Working Python below:
import pandas as pd
df = pd.read_csv([path to data file])
#find number of election columns.
selected_columns = [column for column in df.columns if column.startswith("sElection")]
#add voter id column
selected_columns.insert(0,'lVoterUniqueID')
#create dataframe schema
rcdp_voters_prod = pd.DataFrame(columns=['ID','Election_Code'])
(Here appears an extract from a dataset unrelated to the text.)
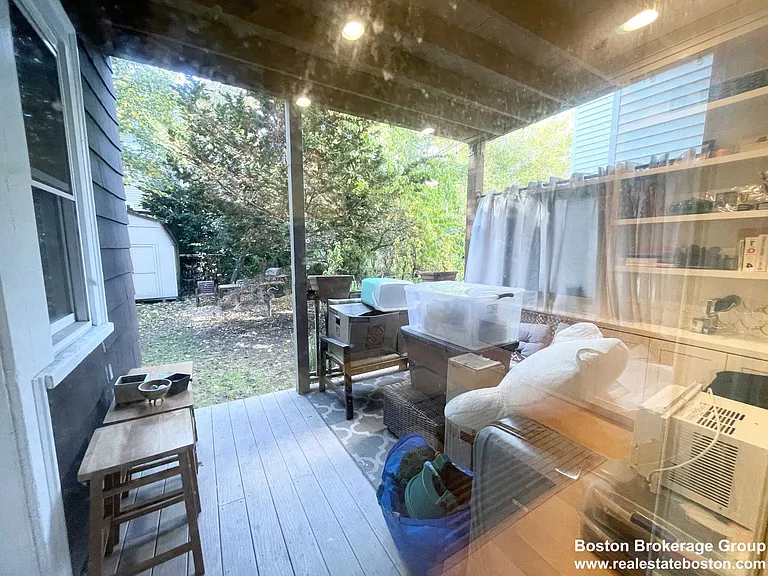Buttonwood St — Photo 15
def access_elements(list_var, list_index):
# Use list comprehension to create a new list containing elements from 'list_var' at the specified indices in 'list_index'
result = [list_var[i] for i in list_index]
return result
#indices of list values that hold the election column
python_indices = [index for (index, item) in enumerate(selected_columns) if item != "lVoterUniqueID"]
union_dict = {}
#Create dictionary of lists containing unique voterid and each election abbreviation column
# ['lVoterUniqueID', 'sElectionAbbr1']
# ['lVoterUniqueID', 'sElectionAbbr2']
# ['lVoterUniqueID', 'sElectionAbbr3']
# ['lVoterUniqueID', 'sElectionAbbr4']
# ['lVoterUniqueID', 'sElectionAbbr5']
for index in python_indices:
union_dict.update({index:access_elements(selected_columns,[0,index])})
dataframe_list = []
#create list of dataframes containing only distinct columns from column list
#rename columns for concating
for key in union_dict:
loop_df = df.filter(items=union_dict[key]).drop_duplicates()
loop_df.rename(columns={'lVoterUniqueID':'ID',union_dict[key][1]:'Election_Code'}, inplace= True)
dataframe_list.append(loop_df)
final_frame_form = pd.concat(dataframe_list)
#drop rows where election code is null
final_frame_form=final_frame_form[final_frame_form['Election_Code'].notnull()]